CCASGORMAN HOUSE GALLERY 1
23 March - 21 April
Opening 6pm Friday 30 March
T h e
W a i t i n g
R o o m
Waiting is when time is always in excess and when time is nevertheless short on time. This overabundant lack of time is the duration of waiting.
Maurice Blanchot, Awaiting Oblivion
Utilising a diverse range of media including photography, sculpture and installation, Canberra based artist Samantha Small explores the underlying fears and anxieties that permeate our everyday experience. In the reconstruction of documented crime scenes, her recent work has focussed on the encoded violence and latent insecurities housed within the domestic interior.
In this exhibition of new work Small diverts her gaze from the private interior and invites the viewer into a space similarly laden by psychological vice. In The Waiting Room the physical and psychic dimensions of waiting are made material through the transformation of architectural forms and furnishings commonly associated with these intermediary zones.
Reinterpreting the objects of distraction encountered in the waiting room, Small extends our attention to the fish tank, the stack of outdated magazines and the children’s toys in the corner, to re-present the act of waiting as a process of constructive patience.

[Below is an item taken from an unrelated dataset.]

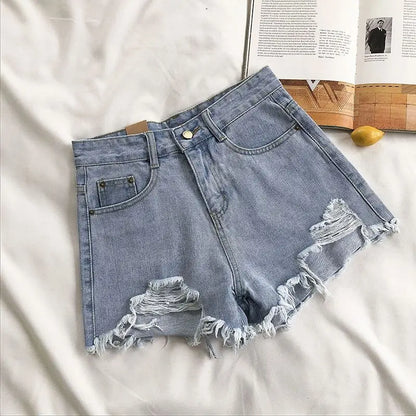 Women's Ripped Jeans Short Pants, Casual High Waist Denim Shorts, Female Clothing, Summer Pocket Hole, 2023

CCASGORMAN HOUSE GALLERY 2
SLIDE SHOW LAND
Elvis Richardson
2001 +
Slide Show Land is an ongoing archive, started in 2001 of 35mm transparencies purchased on e-bay. The work catalogues the incredible number of images available for purchase and staggering evidence of the all-pervasive nature of image taking during the last century that so many could have been jettisoned and lost.
The personal family snap-hots draw attention to the photographer as an invisible author or narrator who through composition and occassion reveal family dynamics and customs. Narratives are created through reading the images in sequence and further the viewer into an investigative process of piecing together a probable fiction or identity based on a 'true story'.
This most recent episode of Slide Show Land is compiled from one extensive collection by a photographer named Dorothy E. Elsberry dating from 1952-1976 who was based around the Sacramento area of California.
Dorothy was fond of photographing particular subjects such as her husband Jack, still lifes, food she cooked, dinner table settings, landscapes, and her horses and farm.
The installed work consists of two projectors with 80 slides each – one carousel is of Dorothy's dinner table arrangements of meals lovingly cooked by Dorothy usually on special occasions such as Christmas, Thanksgiving, Valentines day and St. Patrick’s day which was also her birthday. The second carousel are images of Jack, always outside - mainly riding his horses and in the landscape of their farm.
Projected side by side they tell a story of love and intimacy through the table set for two reflecting the interior nurturing and feminine world of Dorothy alongside the exterior masculine world of Jack.
Three images from the collection have been selected to accompany the projections – one as a duratran on a light box titled “Self portrait for Jack” and the other showing the couple dressed in their cowboy outfits in the same spot of a back garden.
Slide Show Land is for the nostalgic and lost.